Né à Roquefère (Aude) le 3 septembre 1891 dans une famille d’ouvriers agricoles, il travaille avec son père au service d’un propriétaire terrien jusqu’à l’âge du service militaire en 1911. Le 7 août 1914, il décrit son départ de Narbonne avec le 80e RI, sous les acclamations, tandis que des femmes et des vieillards essaient de cacher leurs pleurs. Son baptême du feu a lieu le 13 août en Lorraine. Le lendemain, lors de l’attaque d’Igney, il voit les premiers blessés et les premiers prisonniers. Au passage de la frontière de 1871, le général prononce ces paroles : « Mes enfants, rappelez-vous que vous êtes français, et que la terre que vous allez passer a été française. Aujourd’hui, vous êtes les maîtres. Qu’il n’existe donc plus de poteau frontière entre la France et l’Allemagne. » Louis Mèche poursuit : « À ces paroles prononcées par la bouche de notre grand chef, six gaillards robustes saisirent l’arbre de fer portant la plaque avec l’aigle allemand et en un instant il fut renversé. » Mais le régiment doit battre en retraite : « À partir de ce moment, j’ai ignoré quel était le jour de la semaine que je passais, ni la date, ni l’heure. Ne dormant plus, mangeant seulement que lorsque les circonstances le permettaient, ne trouvant plus d’eau pour boire que celle que l’on trouvait dans les trous d’obus dans les champs, se cachant pendant le jour, marchant seulement la nuit et à travers les grands bois de la Lorraine, ne se souciant pas plus du mauvais temps que du beau, bravant l’orage et la tempête, confondant parfois le bruit du tonnerre à celui du canon. »

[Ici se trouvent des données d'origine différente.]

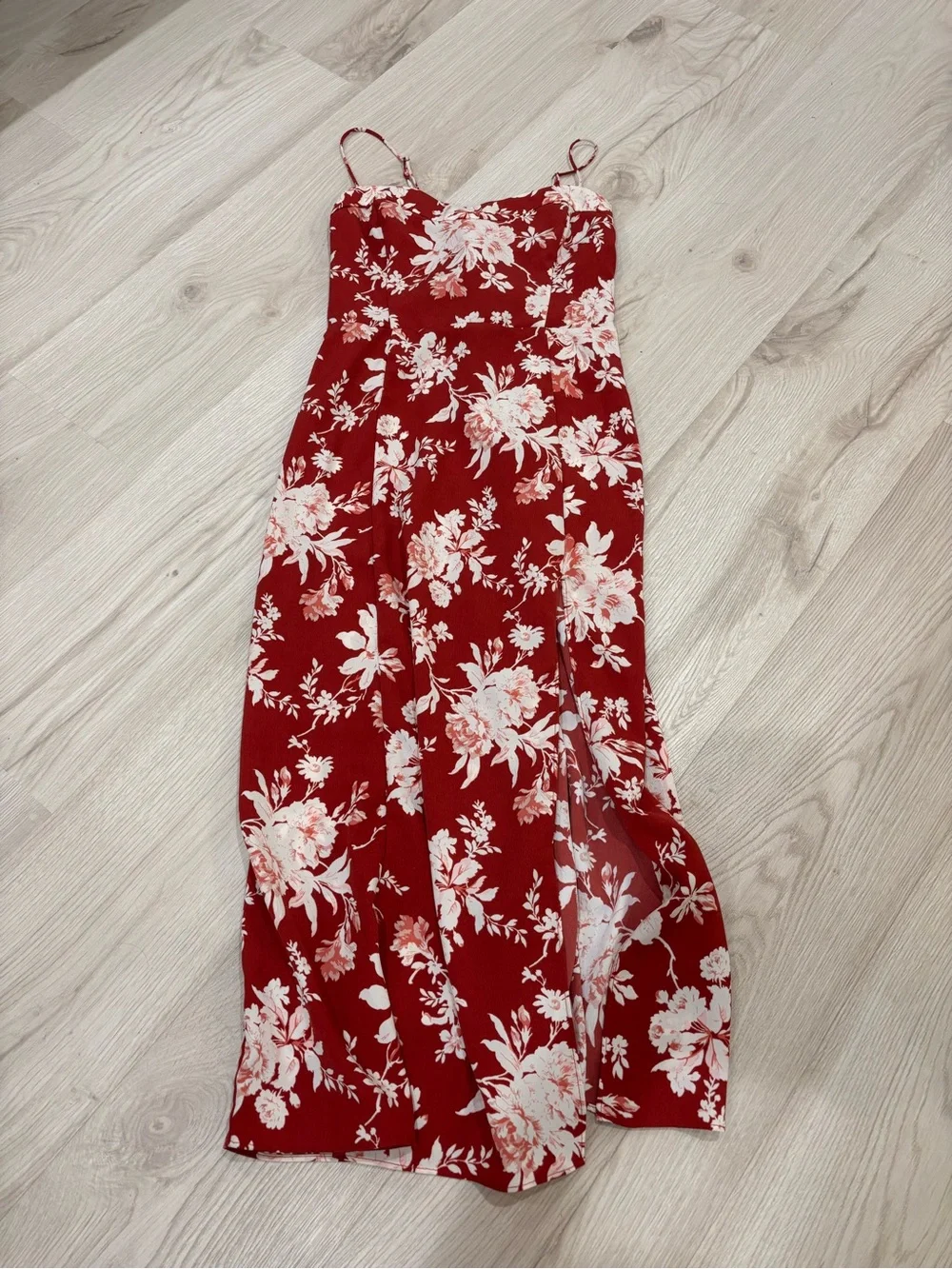 Abercrombie and Fitch floral midi dress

Le 29 août, le régiment repart à l’attaque. Une patrouille ramène un soldat allemand blessé : « Il était de mon âge et bavarois, je lui fis moi-même le pansement. Il me remercia. Il nous dit qu’il avait faim. Nous lui donnâmes du pain et une boîte de viande de conserve. Un puits se trouvait non loin de là ; nous allions lui chercher à boire. Je ne sais s’il fut touché de la bonne rencontre qu’il avait faite, mais il étendit son manteau, s’y coucha dessus et pleura. Je cherchais à le rassurer, croyant qu’il avait peur qu’on lui fît du mal. Il me montra le portrait d’une jeune femme, c’était sans doute sa fiancée. Il versa d’abondantes larmes sur ce portrait, je compris qu’il lui était cher. Je fus ému de pitié pour ce jeune homme, j’aurais voulu le consoler mais, ne se comprenant pas, mes paroles furent vaines. »

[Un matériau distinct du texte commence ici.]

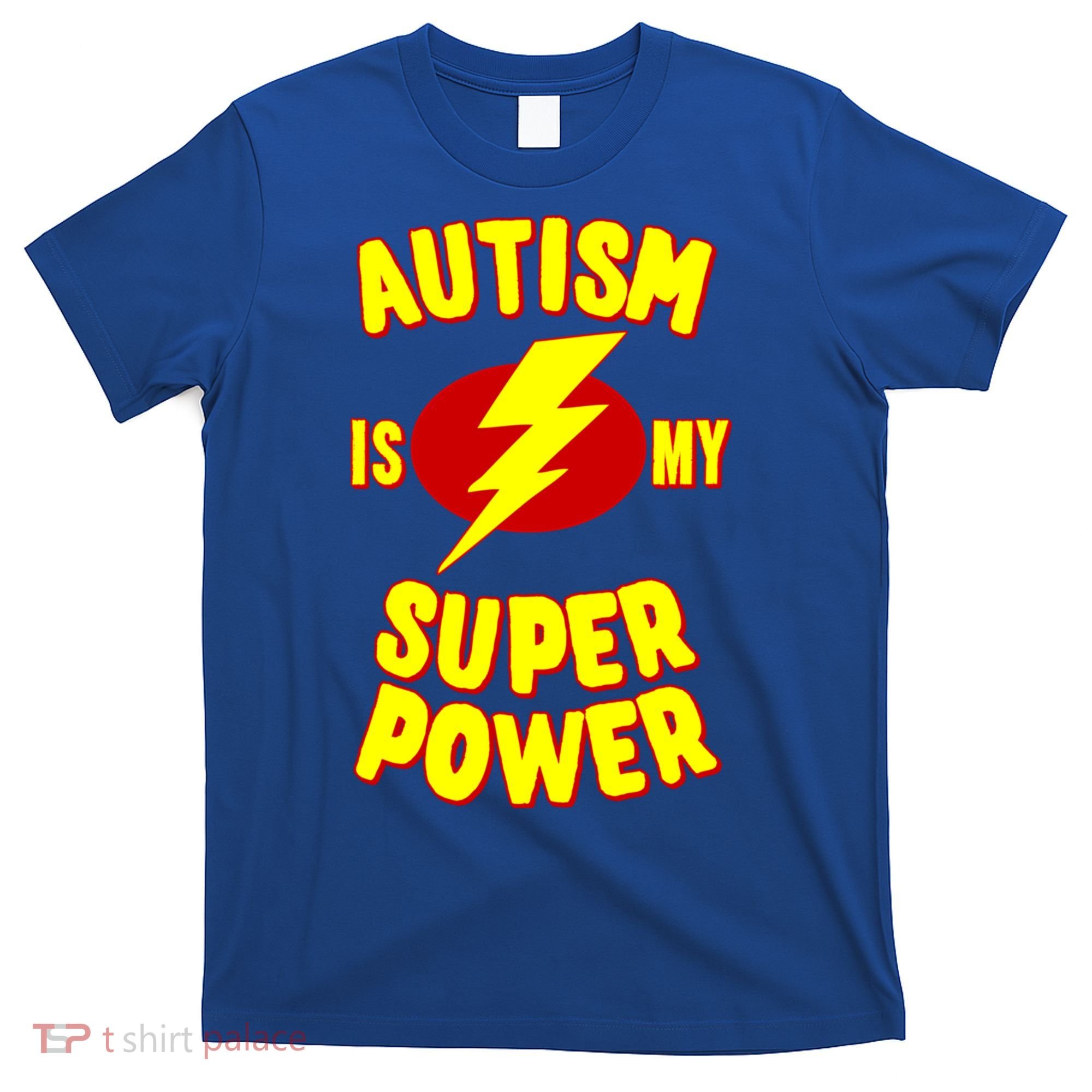 Autism Awareness Autism Is My Super Power T-Shirt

Les notes de Louis Mèche conservées s’arrêtent en décembre 1914. Capturé le 30 octobre 1915, il est interné au camp de Giessen où il raconte sa campagne sur des cahiers, dont les deux premiers ont été retrouvés par son petit-fils, Jean-Bernard Gau. Celui-ci ajoute que son grand-père a été fortement marqué par la guerre. Libéré, il épouse en 1919 une orpheline placée pour travailler chez sa marraine de guerre. Le couple s’installe à Roquefère, et Louis devient menuisier aux mines de Salsigne, puis artisan ébéniste dans son village natal, où il meurt le 18 décembre 1964. Des extraits de ses cahiers ont été publiés dans le recueil collectif de témoignages audois sur la Grande Guerre, Années cruelles.